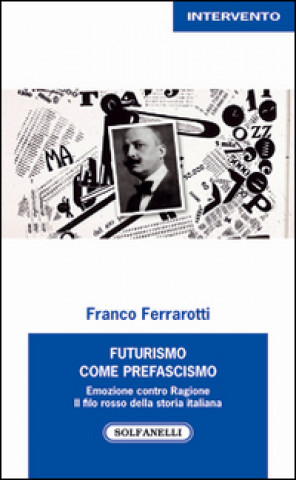 Kniha Futurismo come prefascismo. Emozione contro ragione. Il filo rosso della storia italiana Franco Ferrarotti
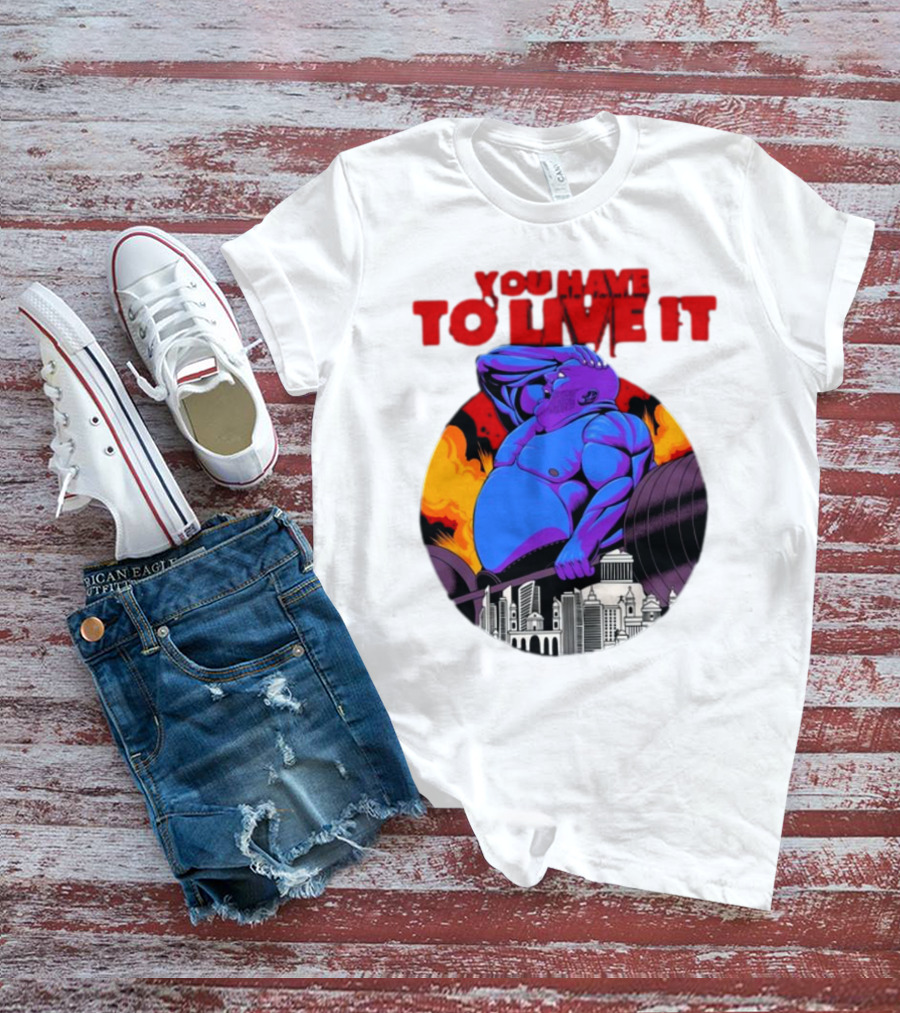 You Have To Live It Kyriakos Grizzly Bodybuilder Cityscape Powerlifting T-Shirt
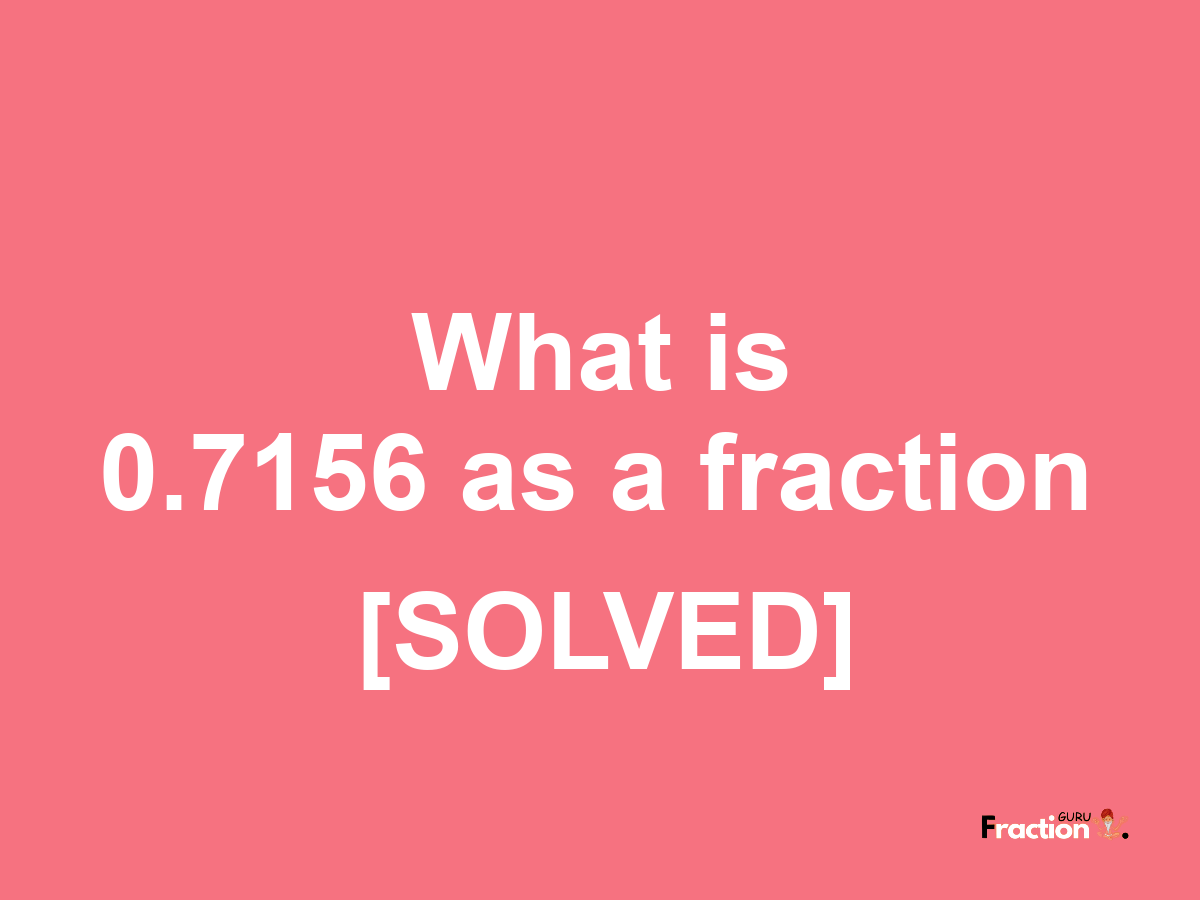 0.7156 as a fraction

• [Assignment]
Print the material in full and exactly; the pictures must not be printed.

• [Response area]
 Kniha Futurismo come prefascismo. Emozione contro ragione. Il filo rosso della storia italiana Franco Ferrarotti
 You Have To Live It Kyriakos Grizzly Bodybuilder Cityscape Powerlifting T-Shirt
 0.7156 as a fraction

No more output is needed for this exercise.